Но причиной тому было не только самолюбие. Более важную роль сыграла тут неопытность. Когда вы сидите лицом к лицу с кем-то, кто весьма любезен, учтив, вежлив, очень трудно непрестанно сознавать, что во всем, что он говорит, нет ничего от правды, ничего от искренности. Неверие (постоянное и систематическое, без тени колебания) требует колоссального усилия и тренировки, иными словами, частых полицейских допросов. Такой тренировки у Томаша не было.
Человек из министерства продолжал:
— Мы знаем, пан доктор, что в Цюрихе у вас было блестящее положение.
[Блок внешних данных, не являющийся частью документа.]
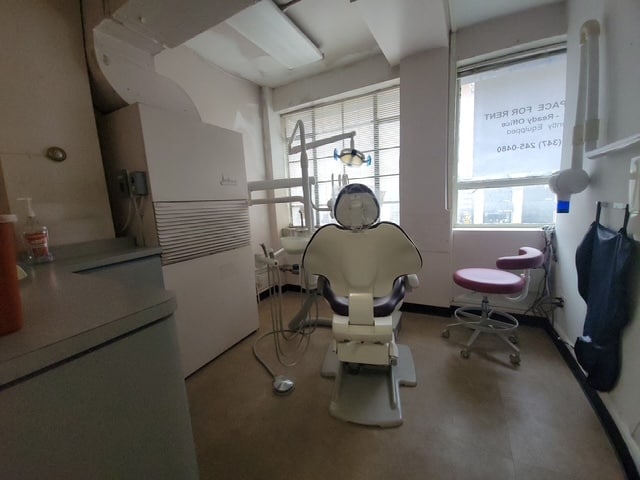 184 2nd Ave, New York, NY for lease Interior Photo- Image 1 of 11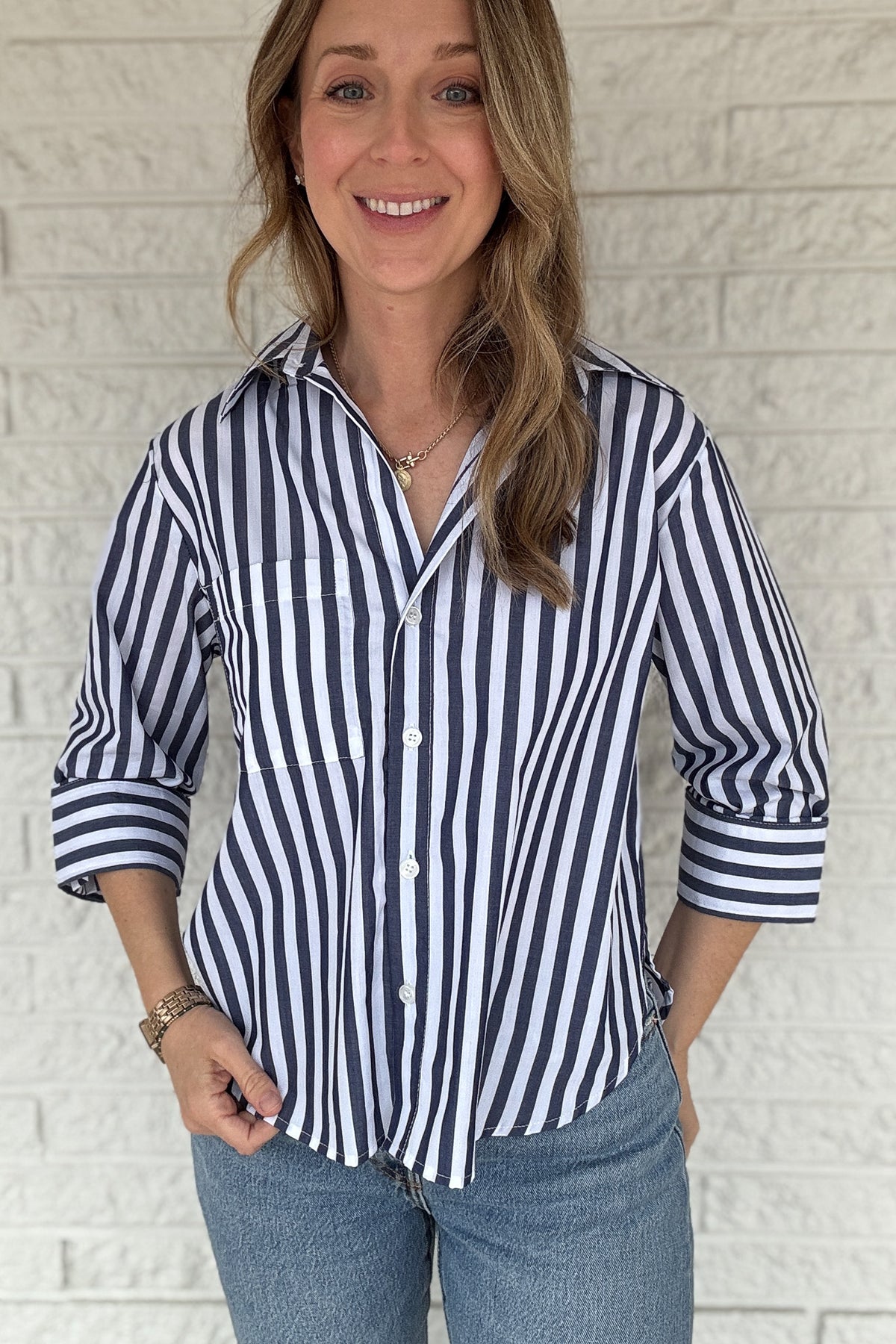 shops in blanco texas, boutique in blanco texas, quality clothing, women's fashion in blanco texas, 100% cotton blue striped shirt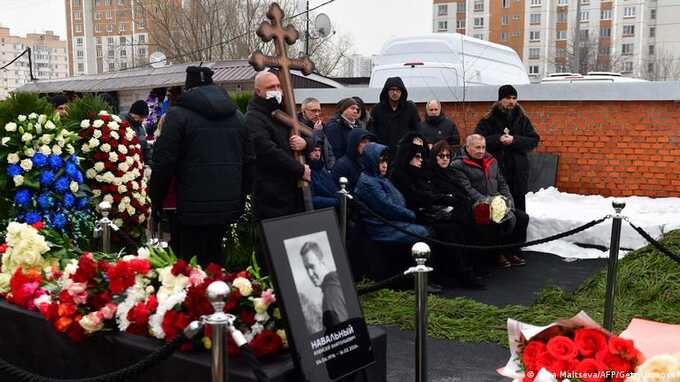 В Москве были задержаны трое людей, присутствовавших на похоронах Алексея Навального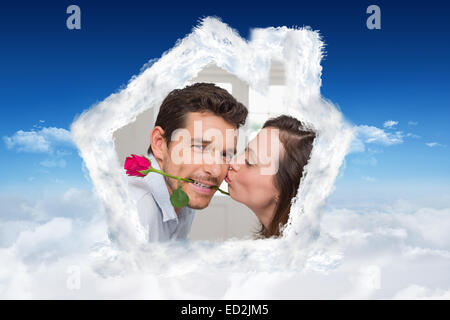 Zusammengesetztes Bild der Seitenansicht einer liebenden Frau Mann küssen Stockfoto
И мы очень ценим, что вы вернулись. С вашей стороны это благородный шаг. Вы знали, что ваше место здесь. — И затем, словно в чем-то упрекая Томаша, добавил: — Но ваше место у операционного стола!
— Не могу не согласиться с вами, — сказал Томаш.
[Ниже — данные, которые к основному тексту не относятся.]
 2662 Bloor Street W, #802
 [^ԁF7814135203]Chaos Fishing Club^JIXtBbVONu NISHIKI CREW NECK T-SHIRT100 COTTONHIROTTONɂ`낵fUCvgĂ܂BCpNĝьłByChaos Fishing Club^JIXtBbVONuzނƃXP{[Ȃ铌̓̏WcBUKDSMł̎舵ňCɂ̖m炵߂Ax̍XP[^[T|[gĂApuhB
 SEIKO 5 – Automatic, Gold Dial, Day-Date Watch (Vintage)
Наступила короткая пауза, после которой человек из министерства проговорил опечаленным голосом:
— Однако скажите мне, пан доктор, вы действительно думаете, что коммунистам надо выколоть глаза? Не кажется ли вам странным, что это говорите вы, именно тот, кто уже стольким людям вернул здоровье?
— Это же полнейшая чушь, — защищался Томаш. Прочтите внимательно, что я написал.
— Я читал, — сказал человек из министерства внутренних дел голосом, которому положено было звучать очень грустно.
— По-вашему, выходит, я написал, что коммунистам надо выколоть глаза?
— Так поняли все, — сказал человек из министерства, и голос его прозвучал еще печальнее.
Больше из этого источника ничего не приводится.